Still recovering from what was likely an avoidable public relations debacle, United Airlines is again making headlines after two passengers – a couple traveling to their own wedding – said they were kicked off their flight.

Michael Hohl and his fiancee, Amber Maxwell, had planned on flying Saturday from Salt Lake City to Costa Rica, with a layover at George Bush Intercontinental Airport in Houston, Hohl told KHOU.

But he said they were unable to leave Texas that day because flight crews told them to deplane before takeoff.

A United spokeswoman, Maggie Schmerin, said that the passengers “repeatedly attempted” to sit in upgraded seating they didn’t pay for and did not follow instructions from crews to go back to their assigned seats. The two were then asked to leave the plane, she said.

Hohl’s account of what happened is quite different.

He told KHOU that he and Maxwell moved to two vacant seats because a sleeping passenger was sprawled across their seats a few rows away.

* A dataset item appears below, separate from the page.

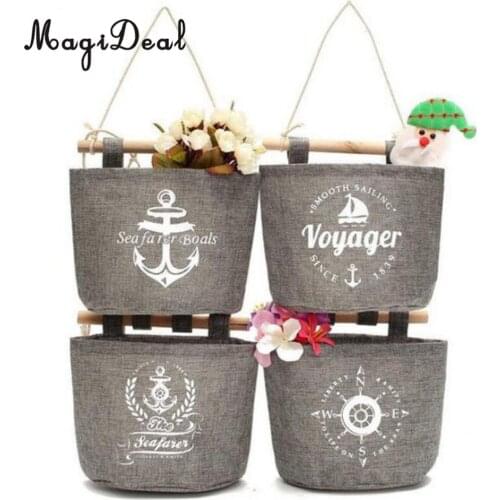 MagiDeal Cotton Linen Navy Style Gray Wall Door Hanging Storage Organizer Hanger Bags-Home Decoration Accessories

After airline personnel told them to go back to their assigned seats, they complied, Hohl said; still, he said, law enforcement officers came in minutes later and escorted them off the plane.

“We did politely, quietly and without incident,” Hohl said. “We got to the gate and asked why, and they said because we were in the wrong seat and being disruptive.”

According to United, the seats Hohl and Maxwell had moved to were considered Economy Plus, an upgrade from the ones they had paid for. Schmerin, the United spokeswoman, said the airline asked the couple if they wanted to pay the difference in fare, but that they declined. United offered them a discounted rate at a hotel for Saturday night and rebooked them for a Sunday morning flight.

Michael McCarthy, a spokesman for the Transportation Security Administration, said that neither federal air marshals nor TSA officers were involved in the incident.

The Washington Post was unable to reach Hohl and Maxwell on Monday. Their wedding is scheduled for Thursday, according to KHOU.

The incident came just days after a paying passenger was violently dragged off an overbooked United flight for refusing to give up his seat for an off-duty crew member.